Pembroke High School, is a public secondary school located on 80 Learning Lane in Pembroke, Massachusetts, United States.

The school serves students in grades 9-12 and has an approximate student population of 930 students.

It is the only high school serving the town of Pembroke. Students come directly from Pembroke Community Middle School (PCMS). The three elementary schools in the town include Hobomock Elementary, Bryantville Elementary, and North Pembroke Elementary School.

==History==

Pembroke High School was formed in 2004 when the town of Pembroke split away from the Silver Lake Regional School District over concerns about overcrowding, and that Pembroke consisted of half of the population of the then four town district. The building was constructed as the Pembroke campus of the Silver Lake Regional High School and opened in October 1976, and was subsequently the Silver Lake District's middle school.

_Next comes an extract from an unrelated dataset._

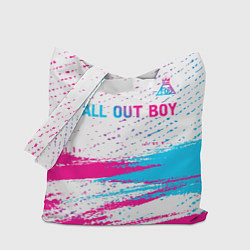 Сумка-шопер Fall Out Boy neon gradient style посередине, цвет: 3D-принт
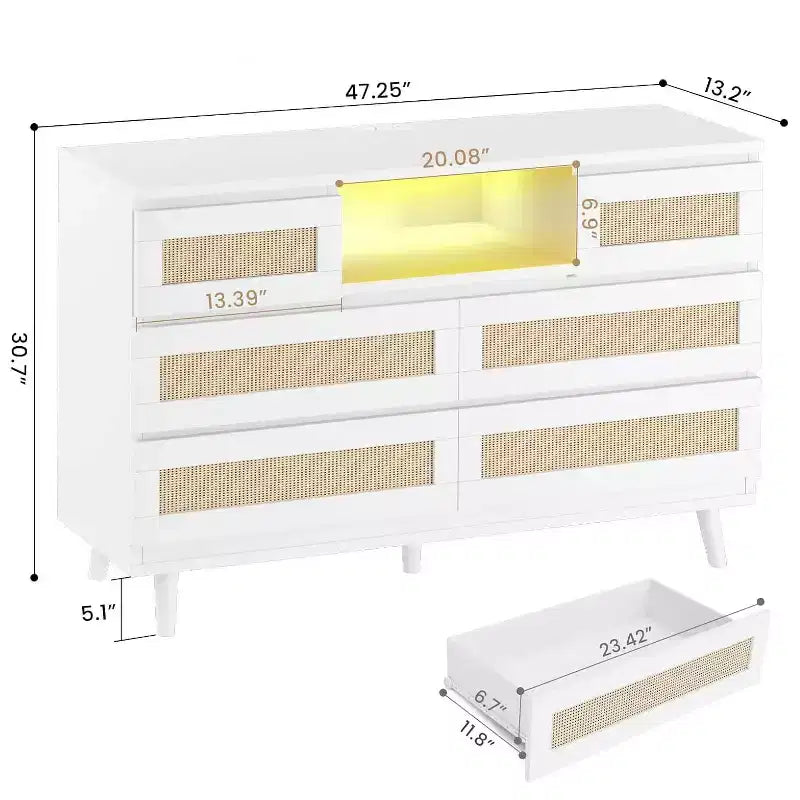 Commode Zstar en rotin à 6 tiroirs avec LED et station de charge pour placard, salon, couloir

Pembroke's middle school is located on Rte. 27, and was the Silver Lake Junior High School from 1968 to 1991, when the district's middle school shifted to the Learning Lane building. Upon Pembroke's secession from the Silver Lake district in 2004, the town repurchased the property, establishing it as the new Pembroke Middle School.

==Demographics==

As of 2008, the population of the school was 98% white, with 10% of the student body of low income and 10% classified as special needs. 95% of targeted students met MCAS requirements for English, while 88% met MCAS requirements for mathematics.

==Athletics==

The school's sports teams are known as the Titans, and the school colors are Blue, Red & White. Pembroke competes in the Patriot League. The Patriot League's members are Scituate, Quincy, Hanover, Middleborough, Duxbury, Hingham, Plymouth North, Plymouth South, Whitman-Hanson, North Quincy, and Silver Lake. The league is divided into two divisions, Patriot-Fisher and Patriot-Keenan. These divisions are divided up based on school population, with Pembroke being a member of the Patriot-Fisher division.